Zettel gefaltet, reingeworfen, interessiert mich nicht. Auf diese Formel bringt ein junger Mann die Kommunalwahl in der DDR im Mai 1989. Er hat getan, was die „Demokratie ohne Gegenstimmen” erwartet, braucht keine Querelen am Arbeitsplatz zu fürchten, keine bösen Blicke der Kollegen. Das Ergebnis steht vorher fest, es ist ungefähr das gleiche wie bei den vierjährig stattfindenden Wahlen zur Volkskammer: 99 Prozent Wahlbeteiligung, fast 99 Prozent Ja-Stimmen. Wahlkabinen sind Staffage, ein gefalteter Zettel gilt als „Ja” zur Einheitsliste. „Falten gehen” nennen es die Menschen spöttisch. Parteien und Massenorganisationen sind im Wahlblock hinter der SED als „führende Kraft der Arbeiterklasse” vereint, erhalten Parlamentssitze nach festem Schlüssel, stimmen so ab, wie die SED es will. Der Volksmund nennt sie „Blockflöten”. Die so bestimmten Abgeordneten heben brav die Hand, in Debatten loben sie die Regierung. Nur zweimal im Jahr tagt die Volkskammer. Als die DDR die Abtreibung freigab, stimmten ein einziges Mal acht Abgeordnete der DDR-CDU mit „Nein”.

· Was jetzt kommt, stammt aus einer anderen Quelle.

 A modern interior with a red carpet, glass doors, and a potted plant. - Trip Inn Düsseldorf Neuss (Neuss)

Die Herrschenden wollen, dass alle wählen. So können die Bürger mit Eingaben drohen, wegen Missständen nicht zur Wahl zu gehen: Es gibt keine Fernsehröhre, die Wohnung ist zu klein, vor dem Haus ein Dreckhaufen. Dann geschehen kleine Wunder. Die Wünsche werden unauffällig erfüllt. Dass die DDR Wahlen fälscht, beweisen 1989 kirchliche Gruppen. Sie zählen offiziell verkündete Ergebnisse in Wahllokalen zusammen: Es gibt viel mehr Wähler und Nein-Stimmen als amtlich für einen Ort verkündet.

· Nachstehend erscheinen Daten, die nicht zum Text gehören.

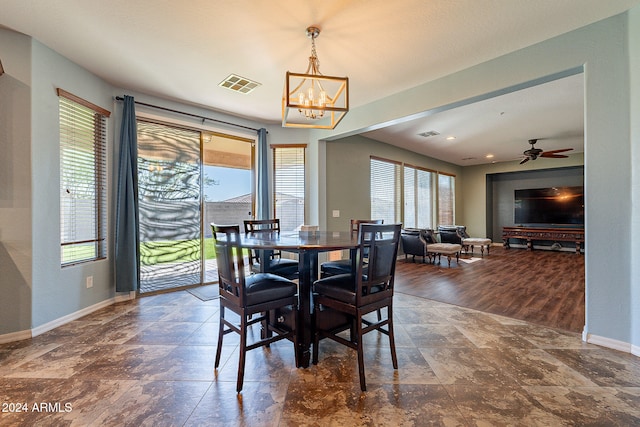 dining space with dark hardwood / wood-style flooring, a healthy amount of sunlight, and ceiling fan with notable chandelier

Neue Töne schlägt die Volkskammer nach dem Mauerfall an. Am 13. November 1989 melden sich zur „Lage der DDR” fünfzig Redner, auch der greise Minister für Staatssicherheit, Erich Mielke. Sein denkwürdiger Satz „Ich liebe doch alle, … alle Menschen” sorgt bei den Abgeordneten für Kopfschütteln und Gelächter. Nur wenige Wochen zuvor wäre ein solcher Auftritt undenkbar gewesen. Zu einer Art demokratischem Vorparlament wird der Runde Tisch mit neuen und alten Parteien. Der Runde Tisch versteht sich als Kontrolle, verleiht dem neuen Ministerpräsidenten Hans Modrow (SED/PDS) etwas Legitimität.
Am 18. März 1990 wählen die Menchen in der DDR ein freies Parlament. Eine Rentnerin kommentiert vor dem Wahllokal: „Ich bin Erstwählerin.” Die Allianz für Deutschland, ein Bündnis aus der gewandelten Blockpartei CDU und den neuen Parteien DSU und Demokratischer Aufbruch, erhält 48 Prozent der Stimmen. Eine Koalition der Allianz, der SPD und Liberalen wählt Lothar de Maizière (CDU) zum Regierungschef. Diese Volkskammer, die jetzt fast täglich und manchmal bis in die frühen Morgenstunden tagt, beschließt am 21. Juni die Währungs-, Wirtschafts- und Sozialunion. Dem Beitritt der DDR zur Bundesrepublik Deutschland stimmen am 23. August 294 Abgeordnete zu, 62 nicht. Das Ende DDR ist am 3. Oktober um 0.00 Uhr besiegelt. Und mit ihm das Ende der Volkskammer.